Anorak was on to something. As Sandy Starr put it in an essay about the success of the Lord of the Rings film franchise, “The word ‘geek’ has… lost its stigma, having been promoted from a noun to a verb, as in to ‘geek out.’ If you want to insult somebody today for being obsessive about fantasy or sci-fi, you have to resort to calling them a ‘nerd,’ which in polite society has become almost tantamount to using a racist slur.” For the word ‘geek’ to move from describing a carnival performer who bit the head off of chickens to a person who was brainy but socially inept to a person who was admired for their stock options and devotion to Japanese anime is an odd seismic shift in the cultural language. But there was something about Anorak’s formulation that was bothering me.

“Okay,” said Scott, “I can see all that. But where does Dork fit into this?”

“Ah,” said Anorak with a smile that told how this was his own little contribution, “the Dork is the transitional stage. Not necessarily transitional, I remind you—someone can become a Dork and stay there. The Dork is the Nerd who has gotten a little bit of a clue. He no longer dresses quite so badly, he can socialize, etc. But he still geeks out at inappropriate moments, either about his obsessions or just by making general social faux pas. The Dork is likely never going to momentarily fool someone into thinking he’s not a Geek, but he’s also not going to necessarily be labeled a hopeless Nerd by mainstream society. There’s affection for the Dork, whereas there’s currently love for the Geek and old-fashioned disdain for the Nerd.”

“Ah,” said Scott, nodding. “I see.” He turned to Josh and peered over his glasses, fixing him with a mock penetrating look. “Dork city,” he declared.

“Oh, please,” replied Josh. “I was popular in high school and had a girlfriend. Freak with Geek tendencies."

With that exchange, the table erupted in a frenzy of classification of friends, family and the famous into Anorak’s categories. But the very act of such classification—Anorak’s whole new delineation of the usage of those labels—was itself a thoroughly ‘geeked out’ enterprise, one that only a table full of nerds or social scientists (often the same thing) would bother to engaged in. It struck me as a desperate but understandable attempt to lift that nerd stigma into the exalted and elusive realm of cool. It was anecdotal rather than empirical. But then the best theories defy empirical thinking: they exist to spark a discourse.
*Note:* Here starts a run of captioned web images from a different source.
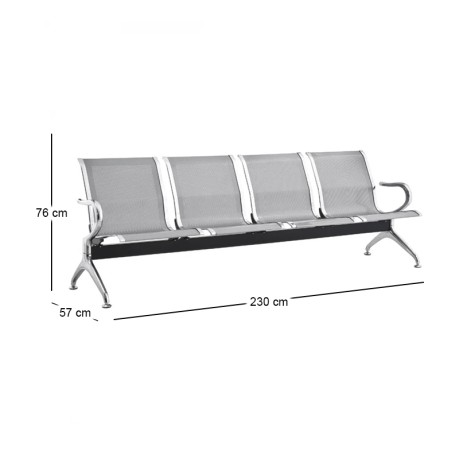 Waiting Seat 4-Seater Steel Mesh Grey (Chrome Frame)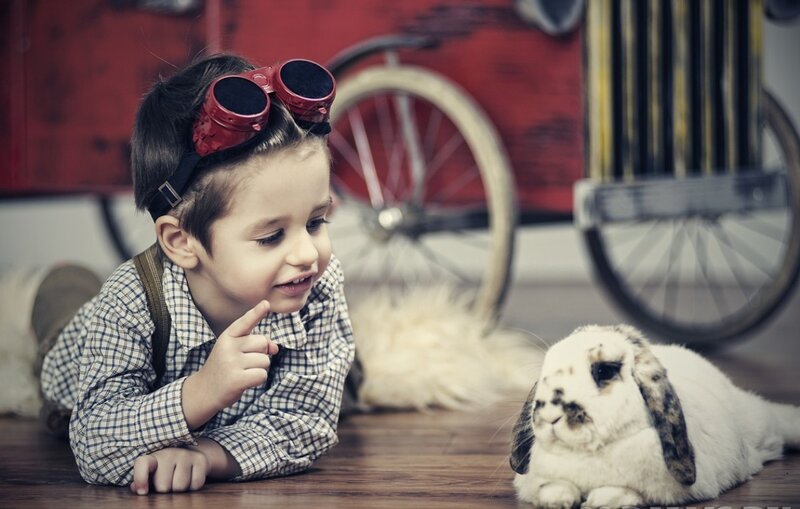 Boy with Rabbit — White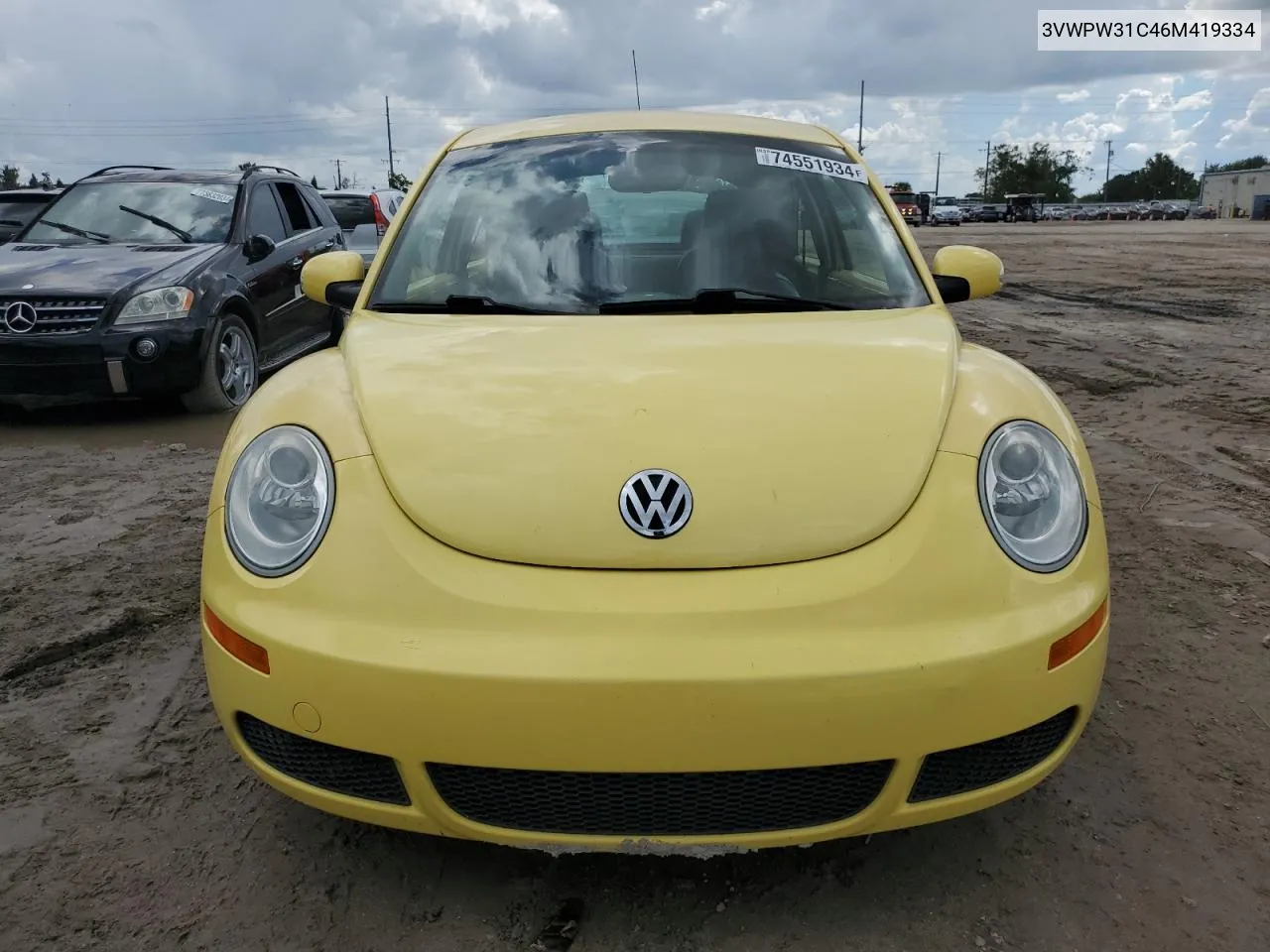 2006 Volkswagen New Beetle 2.5L VIN: 3VWPW31C46M419334 Lot: 74551934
Or, in this case, to justify a desirable re-invention of social identity while conveniently reinforcing the pecking order within the sub-culture itself.

I couldn’t hold back any longer. “You know,” I said to Anorak, “By those definitions, you yourself strike me as a Nerd. Though I’m merely an acquaintance, I recall that you live with your mother and spend most of your time here at the cafe discussing the relative merits of the various actors who’ve played James Bond."

There was a pause, and an intake of breath around the table, but Anorak’s eyes still shone brightly in spite of my impertinence, and he took no offense. “True enough,” he replied. “But there’s one last type of Geek-Dork-Nerd that I did not elucidate, because of its rarity.” He paused, and with a theatrical gesture slowly placed his finger in the air. “There is the Nerd so brilliant and charismatic that he becomes his own center of gravity, and all social distinctions are meaningless as everyone, from every part of society, orbits him like spy satellites gathering intelligence that they could not obtain in any other way.”

There was a silence around the table, and not a few smirks, but whether they were in deferential awe, or the signs of a suppressed wave of laughter, was impossible to tell. Perhaps, in true geek chic fashion, they were both.